On this page:
3.1 Grouping
grouped-data-frame?
group-with
ungroup
ungroup-once
3.2 Splitting
split-with
combine

3 Grouping and splitting🔗ℹ

The overwhelming majority of operations in Sawzall respect the "grouping" of a data-frame. Most operations are done on groups defined by variables, so grouping takes an existing frame and converts it into a grouped one, in which operations are performed by group.

3.1 Grouping🔗ℹ

procedure

(grouped-data-frame? v)  boolean?

  v : any/c
Determines if the input v is a grouped data-frame. These can only be constructed by group-with, or as the result on another operation on an existing grouped data-frame.

procedure

(group-with df var ...)  grouped-data-frame?

  df : data-frame?
  var : string?
Takes an existing data-frame df, and groups it with respect to the given variables var sequentially, returning a grouped data frame.

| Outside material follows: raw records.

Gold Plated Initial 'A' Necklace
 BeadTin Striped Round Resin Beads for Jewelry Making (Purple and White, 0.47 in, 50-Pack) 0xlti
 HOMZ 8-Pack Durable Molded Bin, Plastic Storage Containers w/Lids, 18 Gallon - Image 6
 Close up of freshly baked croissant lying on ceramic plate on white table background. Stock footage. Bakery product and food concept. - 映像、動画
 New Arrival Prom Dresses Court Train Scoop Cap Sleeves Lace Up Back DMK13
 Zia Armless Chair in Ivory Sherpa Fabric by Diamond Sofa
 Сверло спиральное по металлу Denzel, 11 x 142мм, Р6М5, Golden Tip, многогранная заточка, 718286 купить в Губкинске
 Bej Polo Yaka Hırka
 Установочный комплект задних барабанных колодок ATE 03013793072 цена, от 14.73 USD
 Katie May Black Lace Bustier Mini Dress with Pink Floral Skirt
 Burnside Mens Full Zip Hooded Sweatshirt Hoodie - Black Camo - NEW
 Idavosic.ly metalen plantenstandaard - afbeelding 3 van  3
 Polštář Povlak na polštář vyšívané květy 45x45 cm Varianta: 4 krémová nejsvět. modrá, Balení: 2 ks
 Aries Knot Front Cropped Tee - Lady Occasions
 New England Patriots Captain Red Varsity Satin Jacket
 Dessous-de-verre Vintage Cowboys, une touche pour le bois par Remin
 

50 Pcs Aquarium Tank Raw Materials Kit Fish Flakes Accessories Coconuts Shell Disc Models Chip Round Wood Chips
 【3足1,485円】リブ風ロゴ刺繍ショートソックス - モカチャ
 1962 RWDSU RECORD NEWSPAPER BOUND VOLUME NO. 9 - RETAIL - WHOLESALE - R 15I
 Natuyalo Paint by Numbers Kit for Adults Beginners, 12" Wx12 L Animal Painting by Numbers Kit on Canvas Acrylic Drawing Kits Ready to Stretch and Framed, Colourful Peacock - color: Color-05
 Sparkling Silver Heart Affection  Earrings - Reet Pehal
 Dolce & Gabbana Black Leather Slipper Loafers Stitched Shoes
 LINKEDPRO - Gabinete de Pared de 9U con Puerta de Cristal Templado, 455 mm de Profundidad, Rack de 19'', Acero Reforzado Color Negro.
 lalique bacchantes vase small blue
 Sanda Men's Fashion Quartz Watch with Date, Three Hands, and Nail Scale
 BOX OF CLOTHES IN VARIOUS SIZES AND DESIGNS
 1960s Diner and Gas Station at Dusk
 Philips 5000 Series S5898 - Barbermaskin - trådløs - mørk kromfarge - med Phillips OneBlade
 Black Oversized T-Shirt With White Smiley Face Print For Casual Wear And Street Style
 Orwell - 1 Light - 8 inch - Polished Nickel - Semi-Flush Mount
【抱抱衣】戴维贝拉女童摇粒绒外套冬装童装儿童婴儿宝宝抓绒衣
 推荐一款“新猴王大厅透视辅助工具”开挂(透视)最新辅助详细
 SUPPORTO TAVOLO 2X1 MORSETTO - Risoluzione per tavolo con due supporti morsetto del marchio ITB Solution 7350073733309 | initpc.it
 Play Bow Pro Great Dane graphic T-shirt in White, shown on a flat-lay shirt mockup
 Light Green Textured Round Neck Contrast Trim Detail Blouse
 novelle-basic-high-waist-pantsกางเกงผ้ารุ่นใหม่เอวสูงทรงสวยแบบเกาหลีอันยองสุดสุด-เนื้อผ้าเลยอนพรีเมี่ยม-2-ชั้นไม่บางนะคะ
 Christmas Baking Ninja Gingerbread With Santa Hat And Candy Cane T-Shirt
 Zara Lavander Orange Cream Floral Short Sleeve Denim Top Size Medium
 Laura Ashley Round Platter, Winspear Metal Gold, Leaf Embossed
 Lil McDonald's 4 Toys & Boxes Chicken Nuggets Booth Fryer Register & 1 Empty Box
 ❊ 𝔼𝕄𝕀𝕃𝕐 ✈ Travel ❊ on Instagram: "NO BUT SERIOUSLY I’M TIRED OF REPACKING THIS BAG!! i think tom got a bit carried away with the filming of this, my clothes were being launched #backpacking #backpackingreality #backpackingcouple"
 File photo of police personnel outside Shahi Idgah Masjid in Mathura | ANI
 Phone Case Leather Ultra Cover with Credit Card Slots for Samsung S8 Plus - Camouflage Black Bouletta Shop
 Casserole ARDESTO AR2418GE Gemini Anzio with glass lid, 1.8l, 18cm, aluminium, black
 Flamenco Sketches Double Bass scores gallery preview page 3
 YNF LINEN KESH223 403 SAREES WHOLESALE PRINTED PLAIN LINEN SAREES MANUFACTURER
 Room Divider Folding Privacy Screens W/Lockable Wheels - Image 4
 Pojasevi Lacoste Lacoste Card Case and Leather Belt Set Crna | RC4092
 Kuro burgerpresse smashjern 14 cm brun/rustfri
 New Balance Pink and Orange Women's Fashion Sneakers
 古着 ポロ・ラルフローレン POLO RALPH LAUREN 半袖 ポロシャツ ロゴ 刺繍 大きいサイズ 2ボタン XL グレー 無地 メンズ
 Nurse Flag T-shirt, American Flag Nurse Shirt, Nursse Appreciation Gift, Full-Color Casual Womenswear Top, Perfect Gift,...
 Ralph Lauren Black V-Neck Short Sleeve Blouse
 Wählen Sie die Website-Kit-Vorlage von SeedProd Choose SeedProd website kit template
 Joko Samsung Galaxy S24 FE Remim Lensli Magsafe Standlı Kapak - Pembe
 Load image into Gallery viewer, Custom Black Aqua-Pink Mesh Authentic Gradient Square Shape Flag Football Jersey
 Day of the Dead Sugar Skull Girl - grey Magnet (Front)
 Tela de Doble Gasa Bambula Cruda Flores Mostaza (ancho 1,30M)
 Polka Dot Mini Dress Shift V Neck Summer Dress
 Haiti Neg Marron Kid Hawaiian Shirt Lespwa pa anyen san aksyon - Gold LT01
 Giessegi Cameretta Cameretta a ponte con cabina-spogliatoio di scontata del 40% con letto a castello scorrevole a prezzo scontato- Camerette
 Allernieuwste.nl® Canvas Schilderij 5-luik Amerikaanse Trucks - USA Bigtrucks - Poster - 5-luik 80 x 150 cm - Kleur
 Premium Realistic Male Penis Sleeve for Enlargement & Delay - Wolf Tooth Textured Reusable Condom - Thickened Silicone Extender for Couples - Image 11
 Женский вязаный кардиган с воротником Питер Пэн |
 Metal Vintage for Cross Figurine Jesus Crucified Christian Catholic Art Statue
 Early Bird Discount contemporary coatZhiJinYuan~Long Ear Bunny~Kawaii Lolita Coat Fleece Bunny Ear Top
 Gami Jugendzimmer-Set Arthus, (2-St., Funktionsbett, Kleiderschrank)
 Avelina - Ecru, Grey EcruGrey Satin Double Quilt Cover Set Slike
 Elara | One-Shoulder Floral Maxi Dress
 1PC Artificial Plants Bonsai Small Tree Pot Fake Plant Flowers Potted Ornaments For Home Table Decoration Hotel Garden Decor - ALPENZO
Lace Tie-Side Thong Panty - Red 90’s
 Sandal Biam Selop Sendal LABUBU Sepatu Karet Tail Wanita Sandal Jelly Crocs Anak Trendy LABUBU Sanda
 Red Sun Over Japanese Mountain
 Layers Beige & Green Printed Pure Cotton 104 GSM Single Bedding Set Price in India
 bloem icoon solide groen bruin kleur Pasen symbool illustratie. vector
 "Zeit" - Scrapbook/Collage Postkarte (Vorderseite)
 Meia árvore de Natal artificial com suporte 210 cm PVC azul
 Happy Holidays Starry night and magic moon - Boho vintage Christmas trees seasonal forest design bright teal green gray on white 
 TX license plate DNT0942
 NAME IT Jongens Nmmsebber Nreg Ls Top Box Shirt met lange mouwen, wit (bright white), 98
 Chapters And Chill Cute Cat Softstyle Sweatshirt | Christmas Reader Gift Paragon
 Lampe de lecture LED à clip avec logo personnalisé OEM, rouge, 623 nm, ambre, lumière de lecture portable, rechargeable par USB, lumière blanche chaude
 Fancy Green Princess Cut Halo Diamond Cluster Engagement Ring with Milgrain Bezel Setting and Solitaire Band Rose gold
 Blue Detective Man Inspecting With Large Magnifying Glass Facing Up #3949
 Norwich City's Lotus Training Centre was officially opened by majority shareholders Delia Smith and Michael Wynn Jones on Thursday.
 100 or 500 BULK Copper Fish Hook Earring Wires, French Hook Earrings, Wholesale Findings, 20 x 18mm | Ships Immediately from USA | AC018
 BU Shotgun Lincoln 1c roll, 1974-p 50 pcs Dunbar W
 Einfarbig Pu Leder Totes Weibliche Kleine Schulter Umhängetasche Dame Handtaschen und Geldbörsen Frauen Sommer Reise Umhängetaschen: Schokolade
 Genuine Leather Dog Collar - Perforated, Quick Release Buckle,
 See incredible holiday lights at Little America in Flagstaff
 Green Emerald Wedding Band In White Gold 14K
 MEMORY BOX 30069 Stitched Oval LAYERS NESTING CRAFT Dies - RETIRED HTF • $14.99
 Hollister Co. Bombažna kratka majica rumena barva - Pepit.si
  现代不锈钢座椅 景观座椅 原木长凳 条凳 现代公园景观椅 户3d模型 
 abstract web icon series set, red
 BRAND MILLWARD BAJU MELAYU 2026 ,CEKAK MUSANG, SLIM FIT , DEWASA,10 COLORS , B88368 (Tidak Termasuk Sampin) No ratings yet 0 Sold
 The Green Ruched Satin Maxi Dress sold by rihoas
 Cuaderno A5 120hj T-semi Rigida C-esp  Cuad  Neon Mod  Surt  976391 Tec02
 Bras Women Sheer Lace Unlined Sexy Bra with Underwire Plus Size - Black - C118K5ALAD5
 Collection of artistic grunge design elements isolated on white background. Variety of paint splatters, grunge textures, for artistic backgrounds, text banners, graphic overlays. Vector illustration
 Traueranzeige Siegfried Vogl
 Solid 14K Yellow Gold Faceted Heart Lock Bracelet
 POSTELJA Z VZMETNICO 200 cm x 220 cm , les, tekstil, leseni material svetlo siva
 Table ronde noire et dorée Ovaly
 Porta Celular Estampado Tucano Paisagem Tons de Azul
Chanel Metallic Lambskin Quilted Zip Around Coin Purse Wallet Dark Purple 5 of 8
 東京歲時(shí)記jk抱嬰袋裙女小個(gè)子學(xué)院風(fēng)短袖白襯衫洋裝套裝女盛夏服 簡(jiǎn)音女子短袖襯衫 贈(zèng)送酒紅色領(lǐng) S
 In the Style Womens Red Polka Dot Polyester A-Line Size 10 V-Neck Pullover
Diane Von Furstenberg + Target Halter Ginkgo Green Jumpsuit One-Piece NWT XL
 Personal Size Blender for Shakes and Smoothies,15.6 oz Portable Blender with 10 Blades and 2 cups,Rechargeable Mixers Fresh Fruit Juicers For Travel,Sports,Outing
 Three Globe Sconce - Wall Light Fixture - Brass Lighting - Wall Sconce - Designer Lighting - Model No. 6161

This does not change how the data-frame is displayed with show or introspect, but the result is internally different, and cannot be used with regular data-frame operators like df-select.

Example:
> (~> example-df
      (group-with "grp" "trt")
      show)

data-frame: 5 rows x 4 columns

groups: (trt grp)

┌───┬───┬─────┬───┐

│grp│trt│adult│juv│

├───┼───┼─────┼───┤

│a  │b  │1    │10 │

├───┼───┼─────┼───┤

│a  │b  │2    │20 │

├───┼───┼─────┼───┤

│b  │a  │3    │30 │

├───┼───┼─────┼───┤

│b  │b  │4    │40 │

├───┼───┼─────┼───┤

│b  │b  │5    │50 │

└───┴───┴─────┴───┘

procedure

(ungroup df)  data-frame?

  df : (or/c data-frame? grouped-data-frame?)
Removes all levels of grouping from a grouped data frame, returning a singular data frame. In most cases, you’ll want to do this before passing your wrangled data to some other application.

If df is not grouped, this does nothing.

Removes the last level of grouping from a grouped data frame. For example, if a grouped frame is grouped by X and Y, running ungroup-once it would make it grouped by just X.

If df is not grouped, this does nothing.

3.2 Splitting🔗ℹ

The following operations behave similar to the above counterparts, but they return a list instead of a grouped data frame, so you must use map to do sequential groups or perform operations.

These operations are also notably less performant due to the amount of copying involved.

procedure

(split-with df var)  (listof data-frame?)

  df : data-frame?
  var : string?
Splits the given data-frame df along the input variable var, returning a list of each possibility.

procedure

(combine df ...)  data-frame?

  df : data-frame?
Appends the shared series of the input data-frames into a single data-frame.